Tampoco existe igualdad alguna a la hora de recibir salarios y de ocupar cargos que solo les
son otorgados a los varones. Queda mucho por resolver.
En mi obra hablo fundamentalmente de las diferencias creadas por el patriarcado, y también
de la repetición de conductas y valores que realizamos las mujeres a través de la educación
que recibimos y trasmitimos. Las madres, abuelas, maestras y niñeras somos aún – a veces
inconscientemente - reproductoras de legados culturales que llegan desde los primeros años de
vida a los niños, momento en el que se genera la identidad y personalidad de los mismos.

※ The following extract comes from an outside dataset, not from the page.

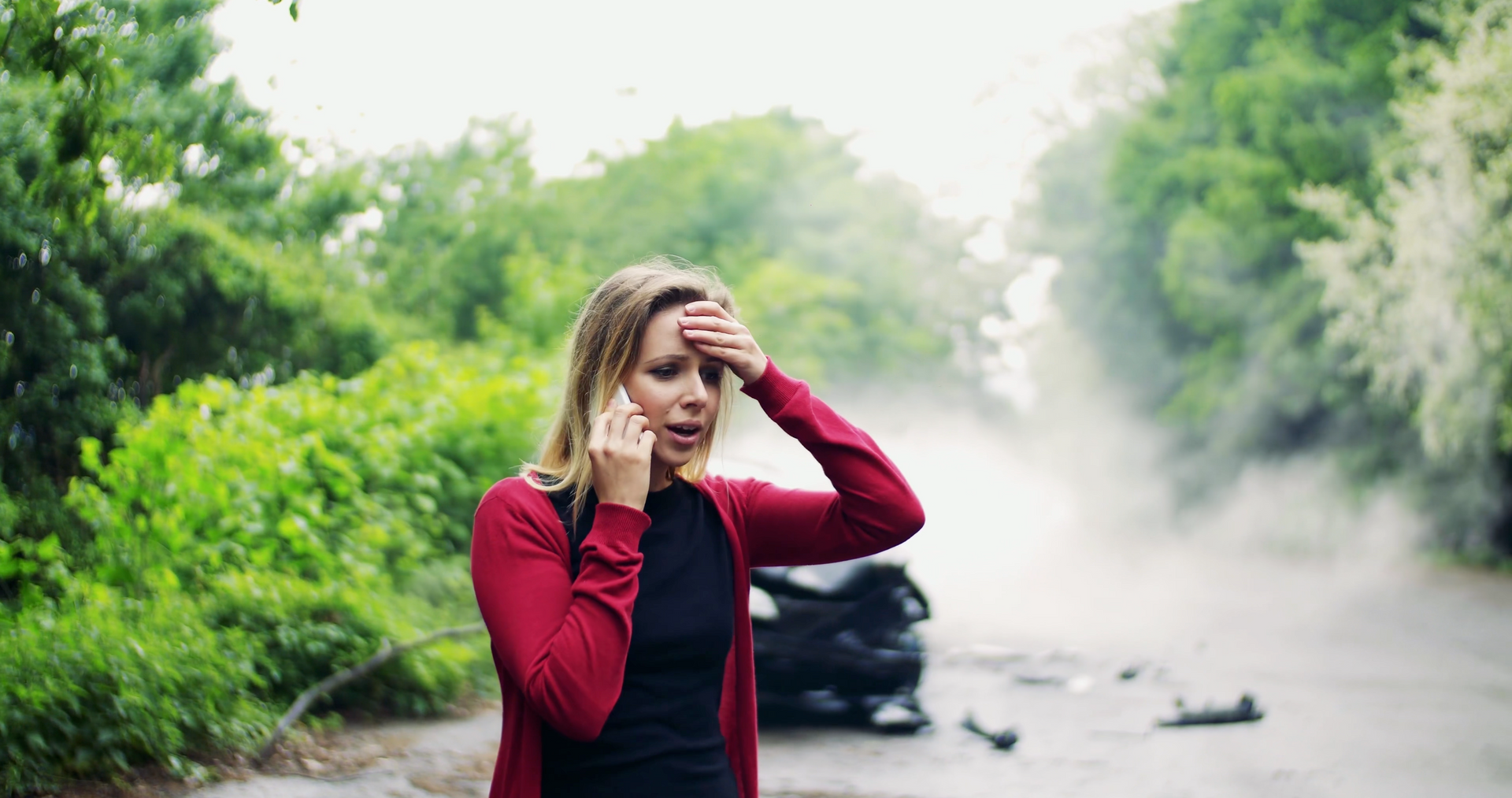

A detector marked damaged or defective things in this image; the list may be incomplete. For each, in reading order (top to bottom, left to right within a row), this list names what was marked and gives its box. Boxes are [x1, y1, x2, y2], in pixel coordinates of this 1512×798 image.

crashed black car [747, 559, 925, 731]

Isabel Allende dice “el machismo tiene origen en las madres que crían a sus hijos para ser
servidos y a las hijas para servirlos”.
Esa actitud replicadora de las mujeres es tratada con fuerza y aparece en mis trabajos como
una sombra negra que invade mis telas y se convierte en atuendos, capas, chaquetas, gorros,
hábitos o en burkas.
Pero que también aparece mutando en guantes o en bolsas de boxeo.

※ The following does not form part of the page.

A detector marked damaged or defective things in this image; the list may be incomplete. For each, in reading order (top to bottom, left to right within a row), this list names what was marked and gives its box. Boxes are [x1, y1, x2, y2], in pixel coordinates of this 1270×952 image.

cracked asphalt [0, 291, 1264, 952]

Tomo como símbolo el boxeo, porque en los años 50 era admirado por los hombres de mi
generación.
De ahí que surgió la idea de crear bolsas de boxeo, guantes, y dibujos vinculados con ese
deporte.
Al investigar este tema, me cuestiono como mujer varias cosas, entre ellas:
Que cambio deberíamos realizar las mujeres en el rol de educadoras y trasmisoras para no
reproducir modelos de antaño que nos hacen daño y nos subordinan.
Cómo deberíamos actuar para no continuar con el modelo patriarcal que nos fue impuesto.
Cómo podemos educar para trasmitir valores de equidad y justicia que nos acerquen a terminar
con la gran sombra negra que nos acosa, manipula, condiciona e impide funcionar como
deberíamos.
Siento que por todo lo expresado, esta invitación a exponer en el Museo Colección García
Uriburu, además de ser un hito importante para mí, va a ser una nueva oportunidad de
establecer puentes, redes y diálogos que nos permitan seguir reflexionando sobre los temas
planteados.
Nora Kimelman
De floraciones y metamorfosis
Los quince pilares en series de cinco que ha organizado Nora Kimelman, nacen de grandes, viejas piezas de madera que trasiegan una historia previa. Es casi imposible descifrar, de forma precisa, la función desarrollada durante esa historia. De todos modos, no importa demasiado. Lo esencial es que esa vida original, las ha desgastado, ha recubierto sus cuerpos de huellas y cicatrices. El tiempo las ha curtido, les ha generado una nueva circunstancia fisonómica. En ciertas partes de su vigorosa conformación física, ha hecho que su dureza natural se torne casi pétrea. En otras, ha provocado una desvalida fragilidad. Partes de la carnadura vegetal se ha desgranado, se ha perdido en un lento proceso para redondear los surcos superiores o erizarlos de pequeñas estalagmitas. Lo profundamente esencial es que la artista logre llevar esa historia de digna decrepitud, esa insinuación de muerte inexorable, a una instauración inimaginable. Llevarla a una singular germinación vital que acarrea una extraña metamorfosis.
Se impone una precisión previa extremadamente personal y, por lo tanto, opinable.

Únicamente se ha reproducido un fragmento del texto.